The regiment held garrison at Camp de Châlons in 1943. Accordingly, the regiment was motorised, the only regiment of Zouave in Metropole...

===World War II ===
- In 1940, the 8th Zouaves, with the 12th Motorised Infantry Division (12e division d'infanterie motorisée) disappeared at Dunkirk.

=== Since 1945===
- Formed a Commando unit in Algeria
- Algeria 1956 - 1962
- At the cease-fire on 19 March 1962 in Algeria, the 8th Zouaves Regiment constituted along with 91 other regiments, the 114 units of the local force through the accords of Evians on 18 March 1962. The 8th Zouaves Regiment formed a local unit force of the Algerian order of battle, the 496°UFL-UFO composed of 10% metropolitan military and 90% Muslim military personnel, while being at the service of the executive provisionary power of Algeria until the independence of Algeria.

== Traditions ==
=== Decorations ===
The Regimental Color are decorated with:

- Légion d'honneur
- Croix de guerre 1914-1918 with :
  - 7 palms and 1 silver star ,
- Ordre du Mérite Militaire Chérifien.
- Fourragere:
  - Fourragère with colors of Croix de guerre 1914-1918
  - Fourragère with colors of the Médaille militaire.
  - Fourragère with colors of the Légion d'honneur attributed to the regiment on 3 September 1918.

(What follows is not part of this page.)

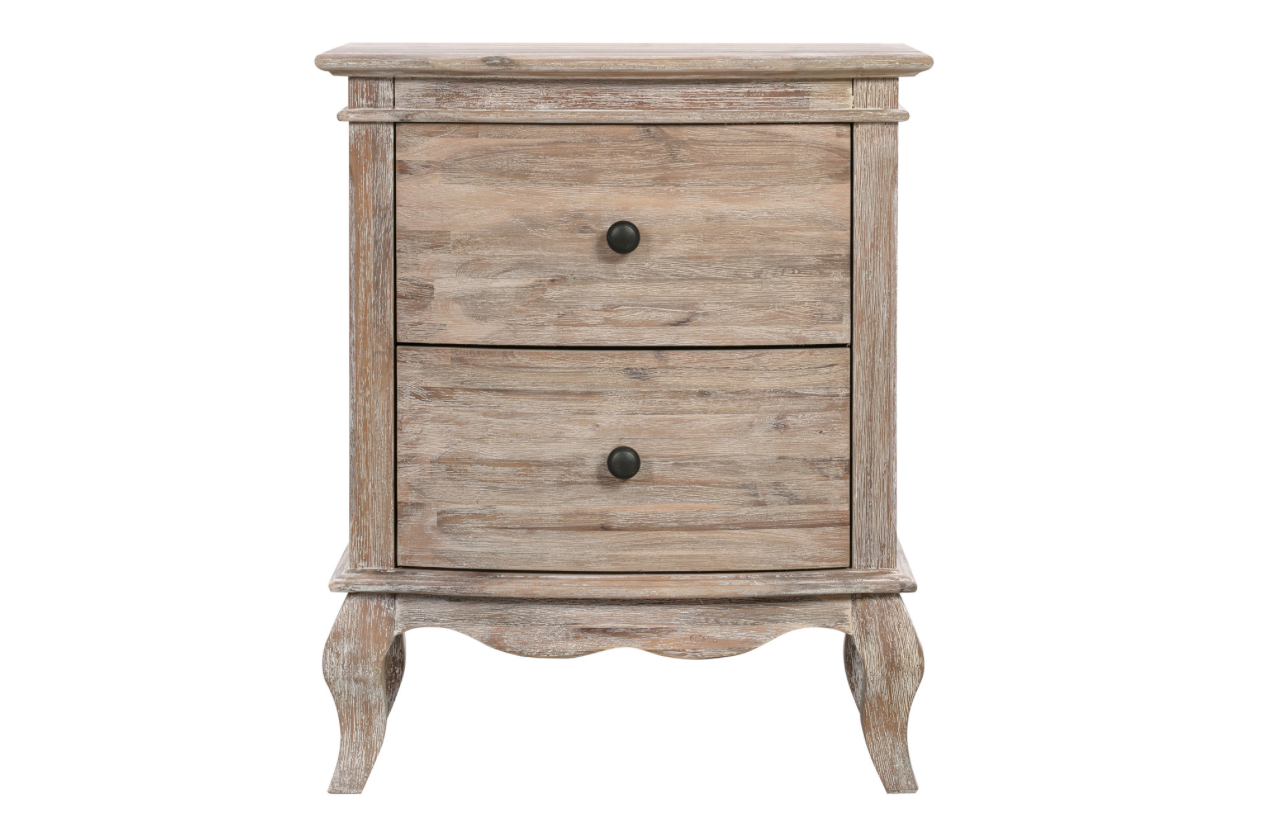 SALCOMBE Acacia Bedside Table Brushed Weathered Finish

Fourragere with colors of the Croix de guerre 1914-1918
Fourragere with colors of the Médaille militaire
Fourragere with colors of the Légion d'honneur

=== Honours ===
====Battle honours====
- Saint-Gond 1914
- Artois 1915
- Champagne 1915
- Les Monts 1917
- Verdun 1917
- Soissonnais 1918
- Vauxaillon 1918

== Regimental Commanders==
- 1914-1918
  - lieutenant-colonel Modelon
  - lieutenant-colonel Auroux
  - lieutenant-colonel Lagarde
- colonel Cloitre in the 1920s
- 1935 - 1937: Colonel Dame
- 1940
  - lieutenant-colonel Anzemberger
  - In 1956 Colonel Gaubillot and Commandant Bonamy

== Notable Officers & Zouaves ==
- Robert Jallet (1890-1945), served in the 8th Zouaves during World War I.
- Edgard Tupët-Thomé from October 1938 to 1940.